On the other hand, a high Presence Penalty would discourage the model from using "prompts" again even if it had been used only once before in the completion.
Most users tend to leave these parameters at their default values of 0. This allows the model to do what it does best, and generate responses based on its training data without constraints.
Additionally, make note that messing around with these parameters can have subtle and unpredictable effects. I would say that unless you have a very strong reason to change them, leave them at their default values.
Best Of
What is it?
Best of allows you to select a certain number of responses you’d like the model to generate on the serverside to pick the best from.
How does it work?
The number you select is the number of response variants the model will produce. It will then select only one and return that to you.
It makes its decision based on an internal, proprietary, scoring mechanism.
Since the scoring mechanism isn’t public, it’s important to keep in mind that what the model determines as “best” might not align with your use case. Additionally, the higher the number, the more tokens that will get used. Keep this in mind if you decide to test out this parameter!
Inject Start Text and Inject Restart Text
What are they?
These parameters automatically insert specific text at the start and end of the model’s response. They are only available in the OpenAI playground.
How do they work?
Generally, these parameters have been used to help make completion models feel like chat models by making responses feel conversational.

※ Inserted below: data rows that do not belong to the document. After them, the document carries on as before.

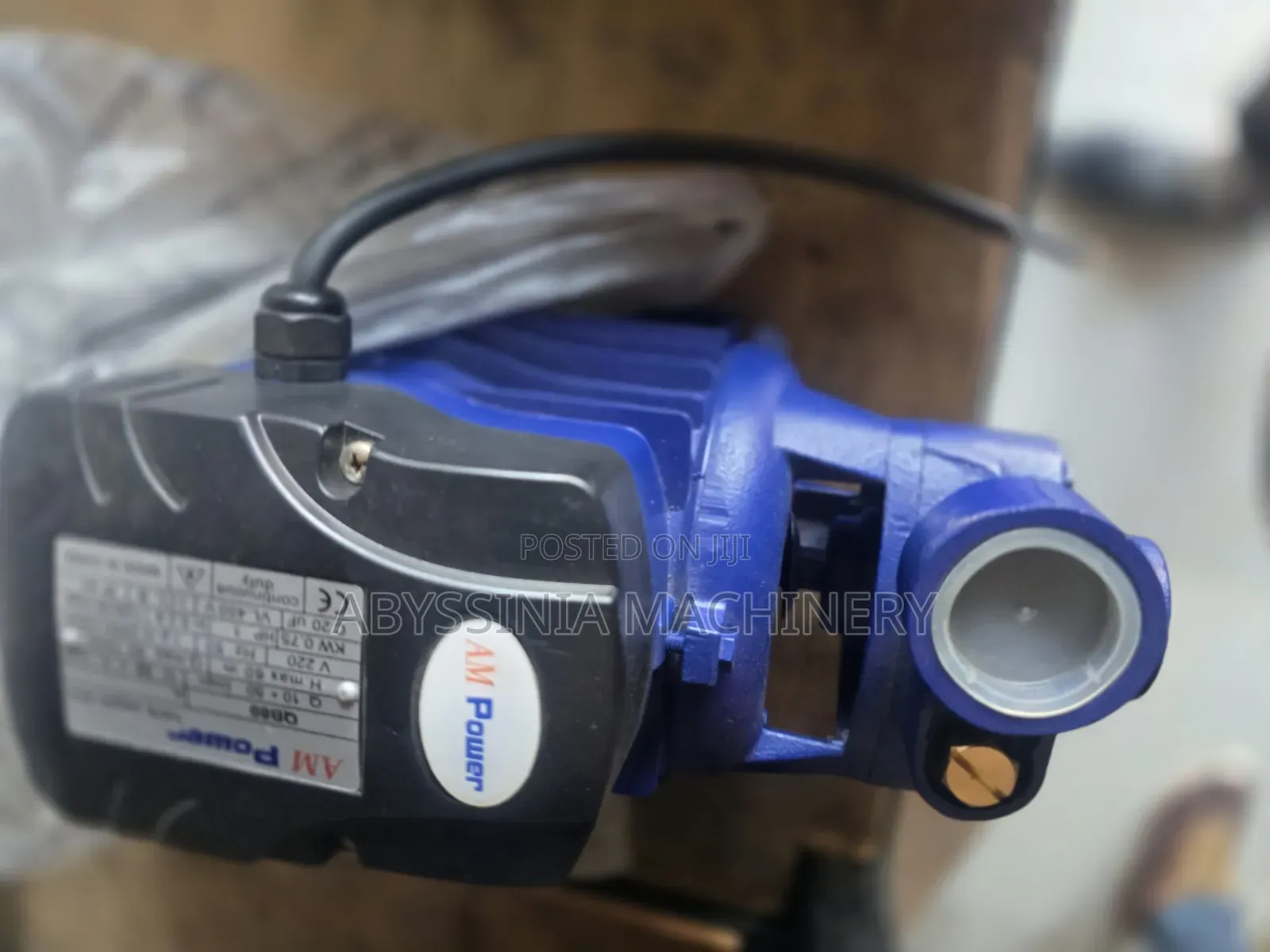 Surface Water Pump | Powerful & Reliable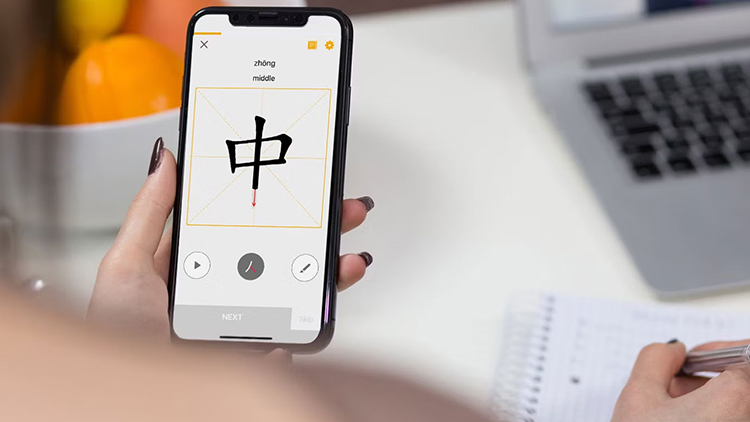 Sử dụng App và công vụ hỗ trợ
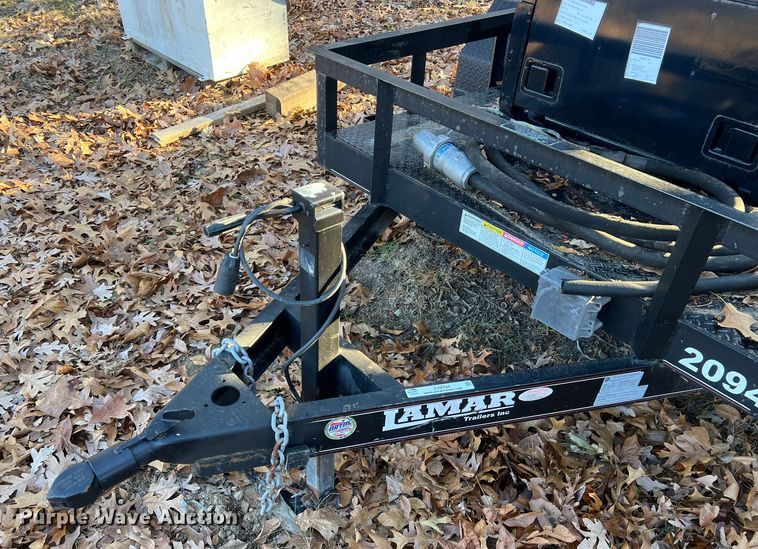 image for item JU9794 2012 Fermont MEP006A  generator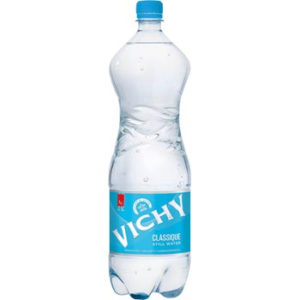 Minerālūdens Vichy Classic negāzēts 1.5l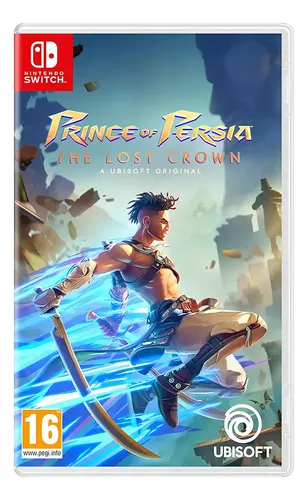 Prince Of Persia The Lost Crown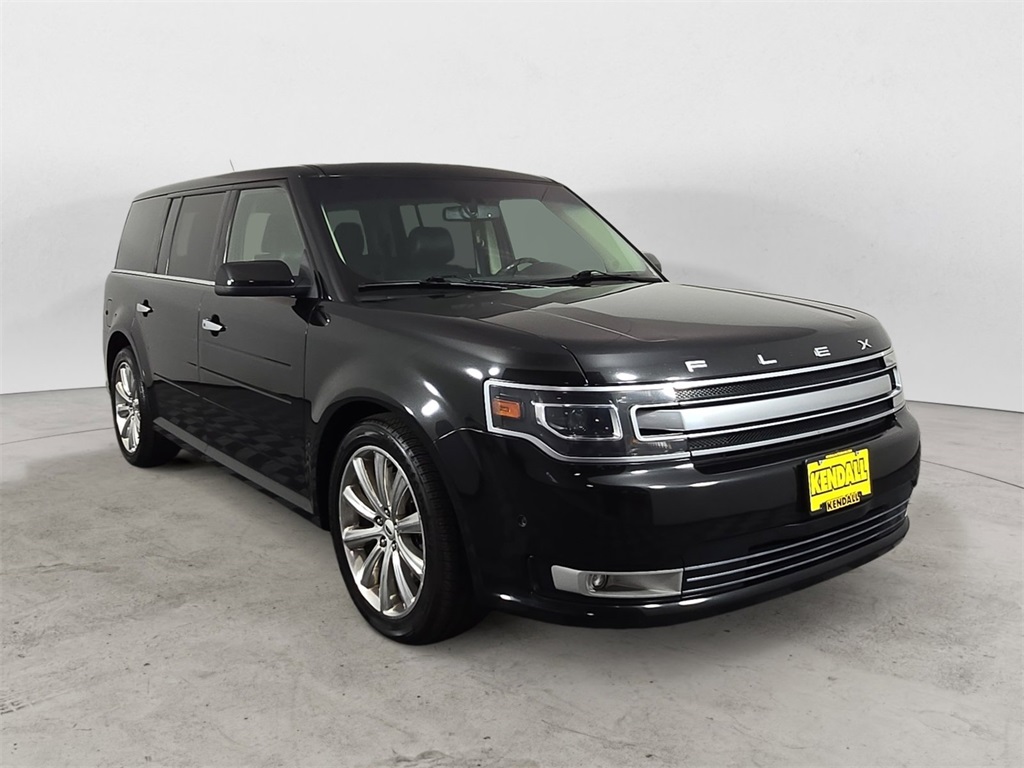 2014 Ford Flex Limited photo 6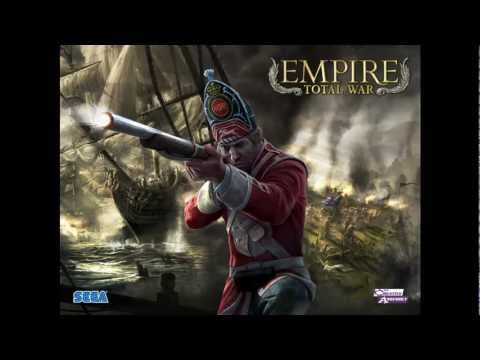 Empire total war music: Western turn end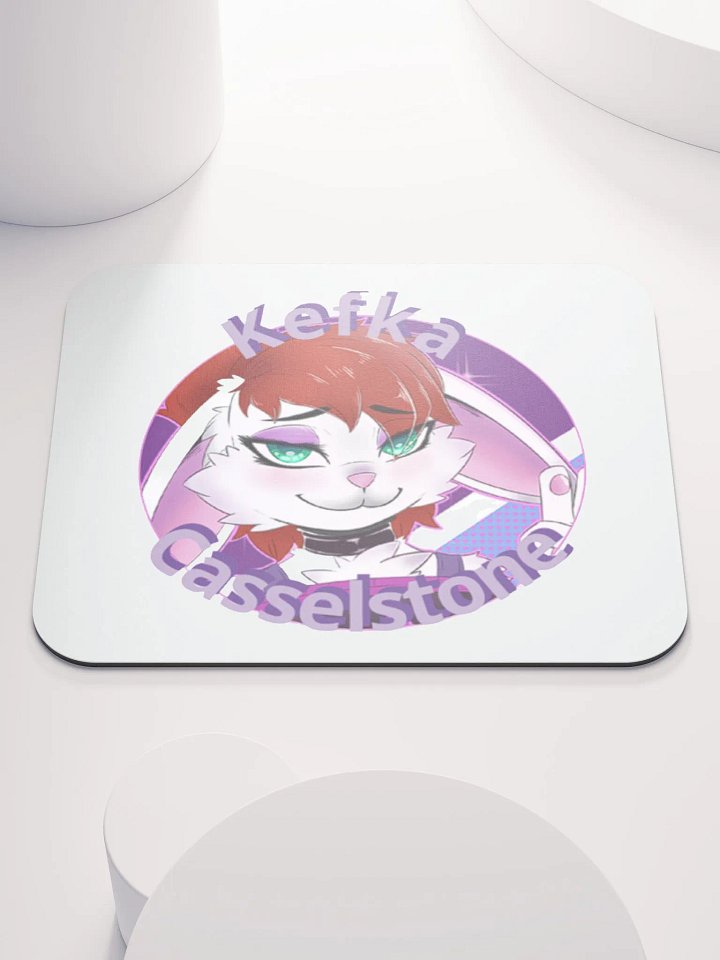 Kefka Bunny mouse pad product image (1)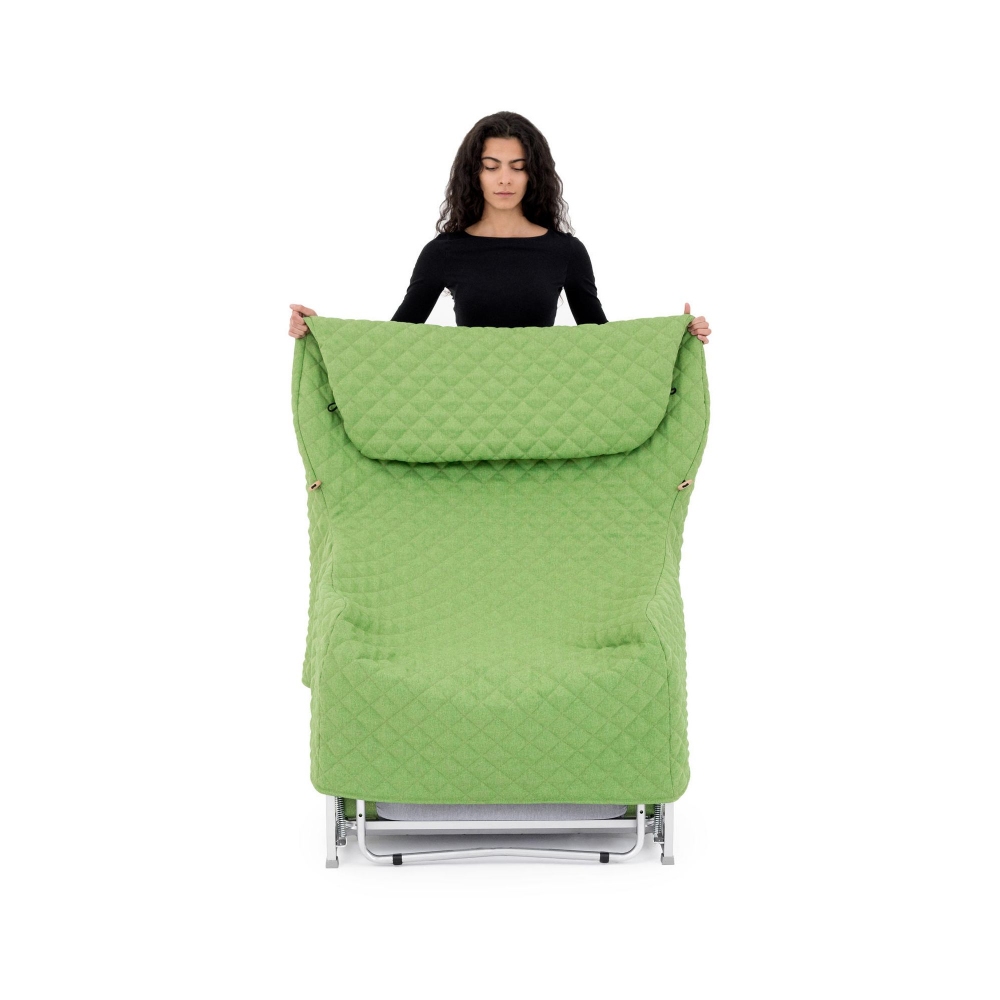 Campeggi Micia armchair bed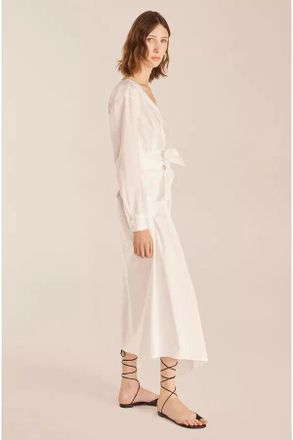 Rebecca Taylor Tie Waist Dress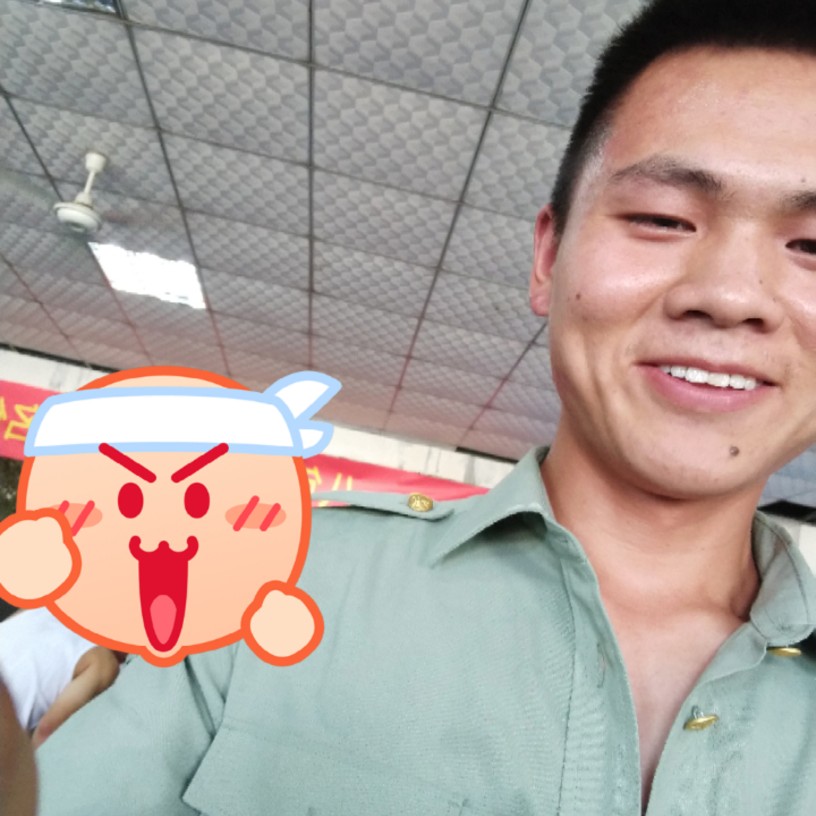 兵叔叔的照片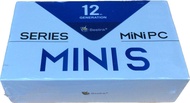 [全新] Beelink Mini S 12th Mini PC (N95, 8+256GB SSD) 迷你電腦 桌上電腦 miniPC 迷你pc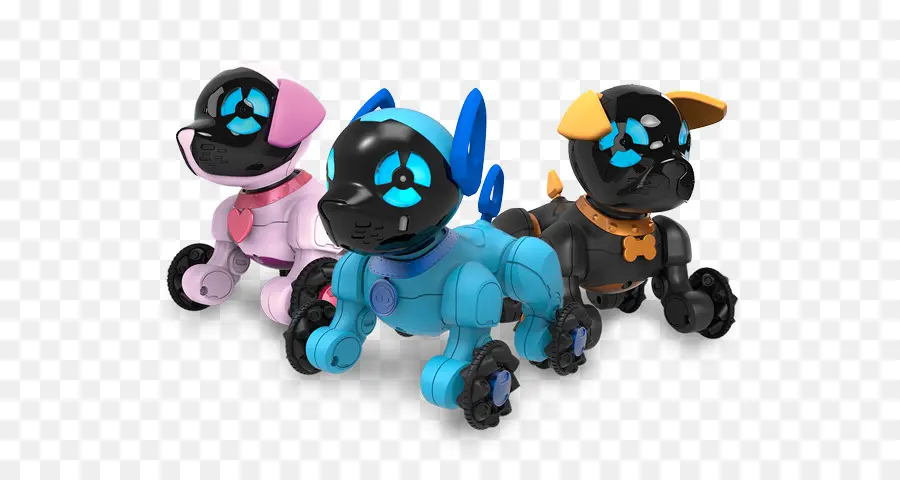 Perros Robot，Robótico PNG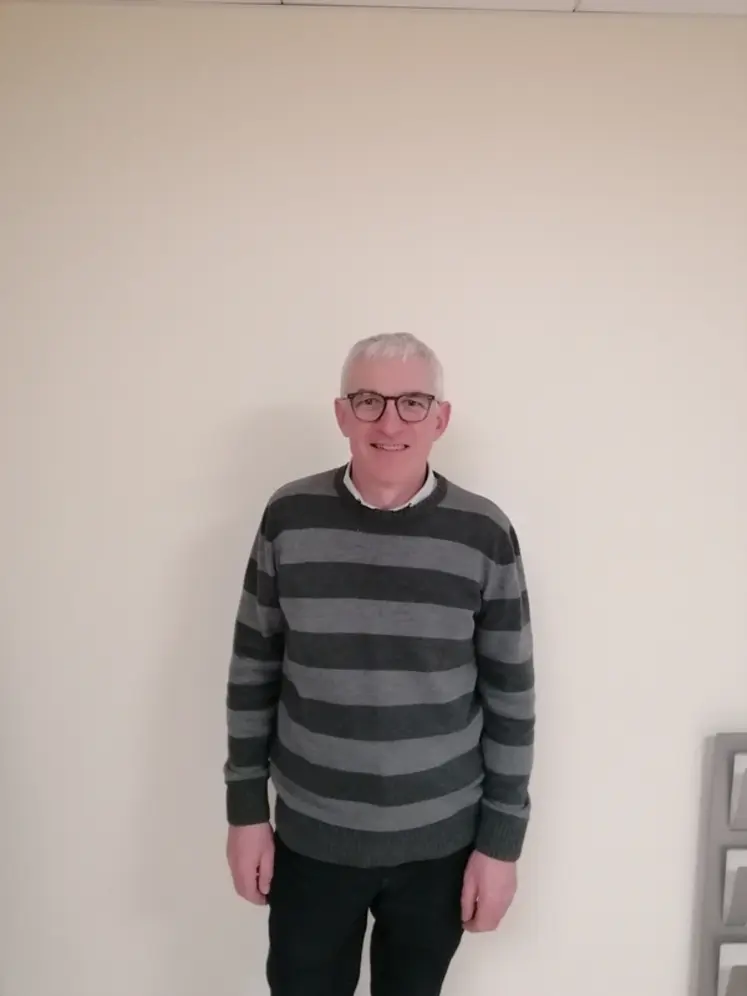 <em class="placeholder">Jean-Luc Fourmond, directeur des filières porc et volaille d’Agrial : &quot;Nous sommes dans une démarche de partenariats qui permettent une valorisation des produits par des ...</em>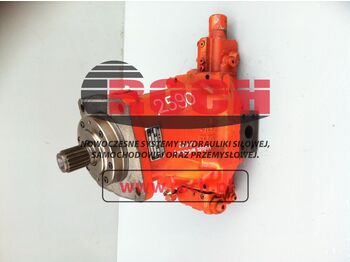 Moteur hydraulique LINDE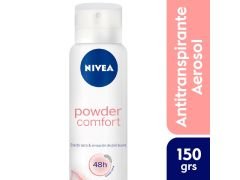 ANTITRANSPIRANTE FEMENINO NIVEA FRESH CITRUS 150 ML
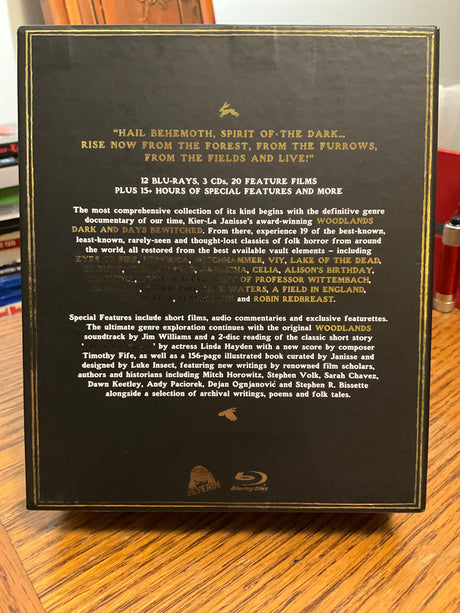 All the Haunts Be Ours USED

- Inject Start Text: The specified text will be at the start of the model's response. For example, if you set the Injection Start Text as “AI:” then the response would be
"AI: RESPONSE FROM MODEL" - Inject Restart Text: The inject restart text gets appended to the end of the model’s response. For example, if you set the Injection Restart Text as "User:", then the response would be:
"AI RESPONSE
Use"r:
Conclusion
Experimenting with parameters is something we recommend to ny person building on top of these models. Not leveraging these parameters is like not considering a whole section of your tool box, you might just find that certain configurations help you get better results.
In PromptHub, you can easily test these parameters on the same prompt and compare the outputs side by side. This makes it really easy to see how outputs change based on parameter selection, including important factors like tokens, cost, and latency.
These parameters are continually changing as well, so it is good to stay on top of this.